SUPPLIED MATERIAL |
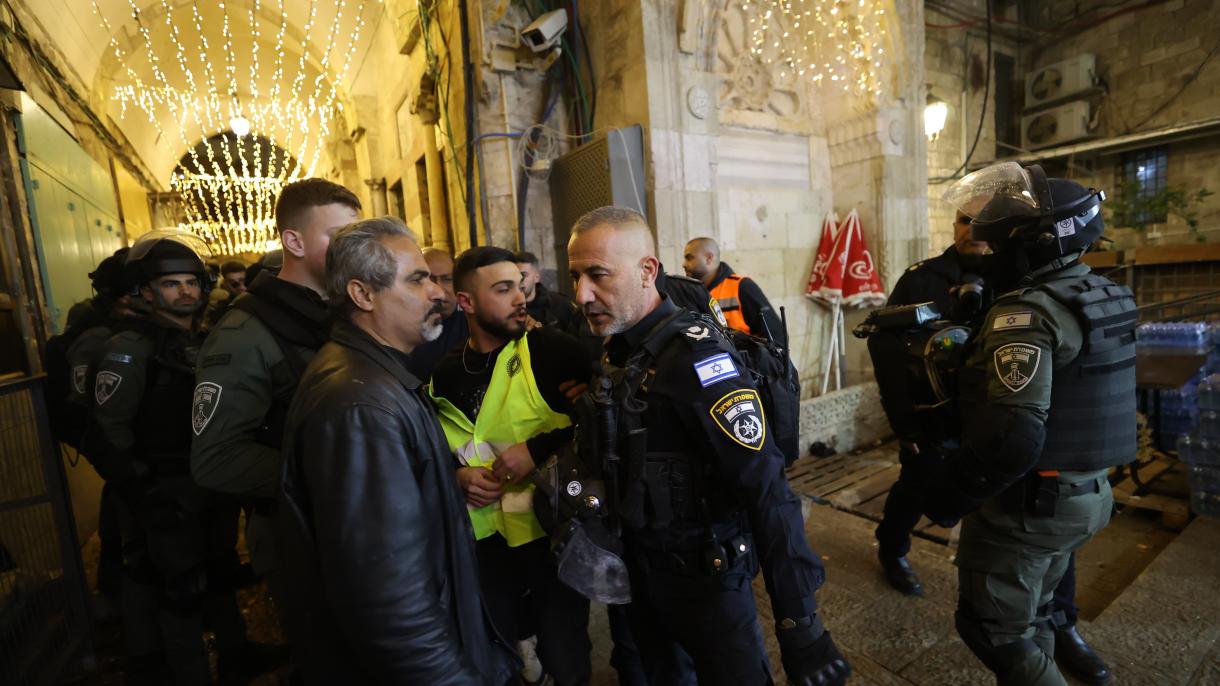 Türkiye elítélte az izraeli erők rajtaütését az al-Aksza mecsetnél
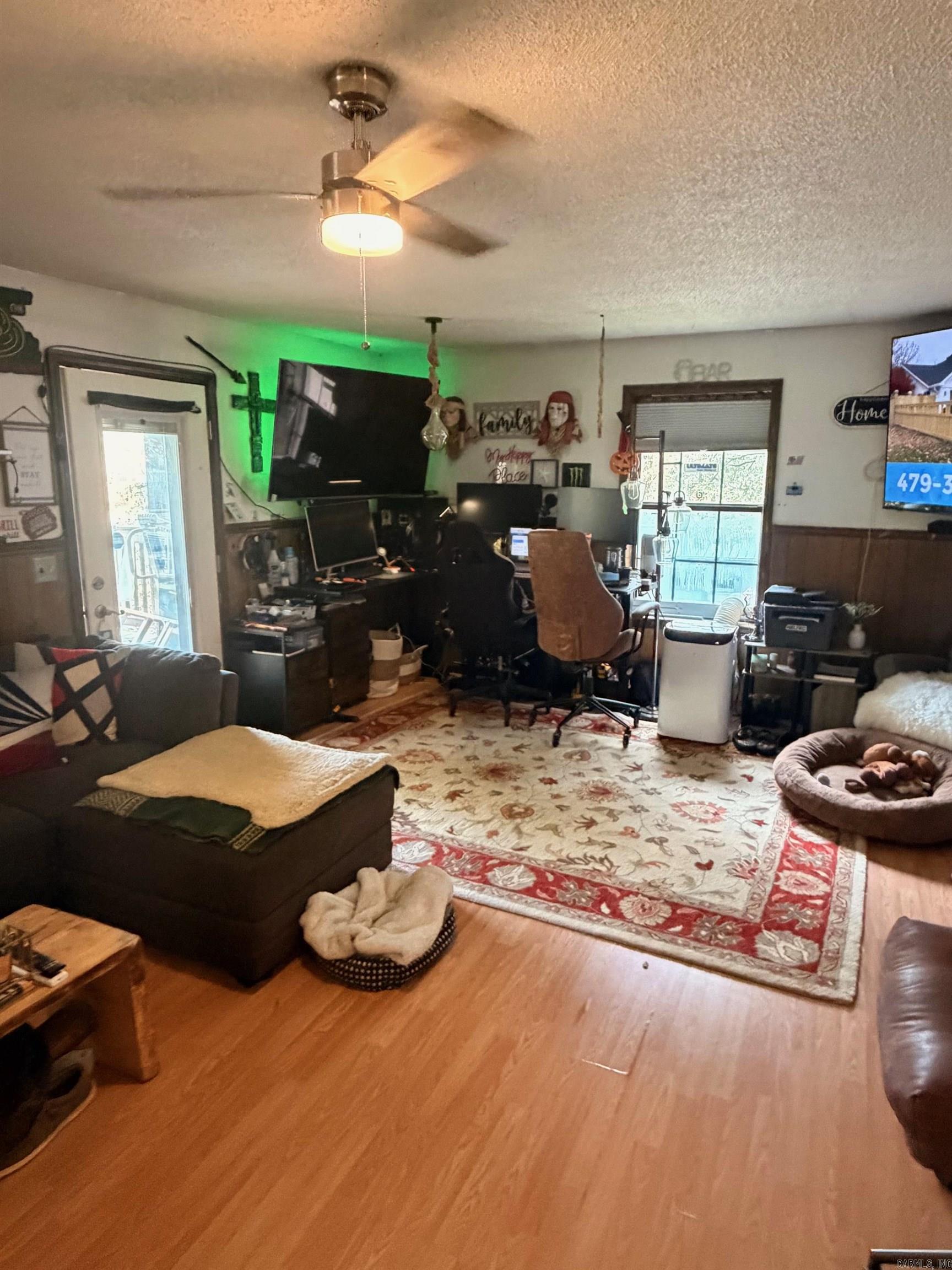 2242 County Road 3350  Clarksville, AR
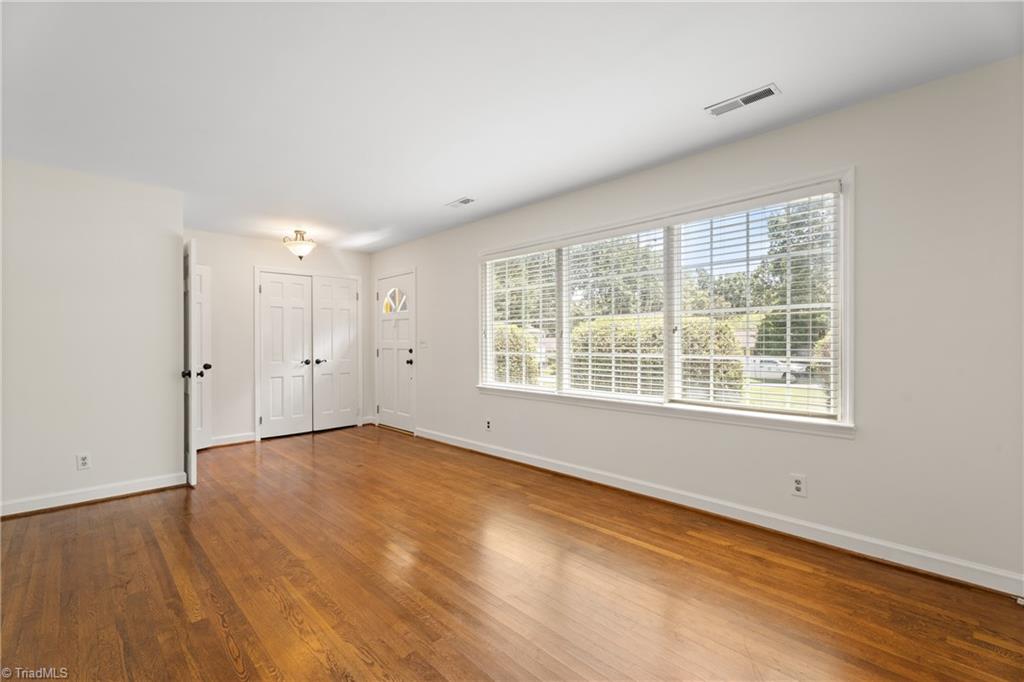 4831 Welwyn Road Property Photo 3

EXERCISE |
Copy only this, please: the line with "2242 County Road" and every line after it through the end of the data, with no pictures.

ANSWER SPACE |
 2242 County Road 3350  Clarksville, AR
 4831 Welwyn Road Property Photo 3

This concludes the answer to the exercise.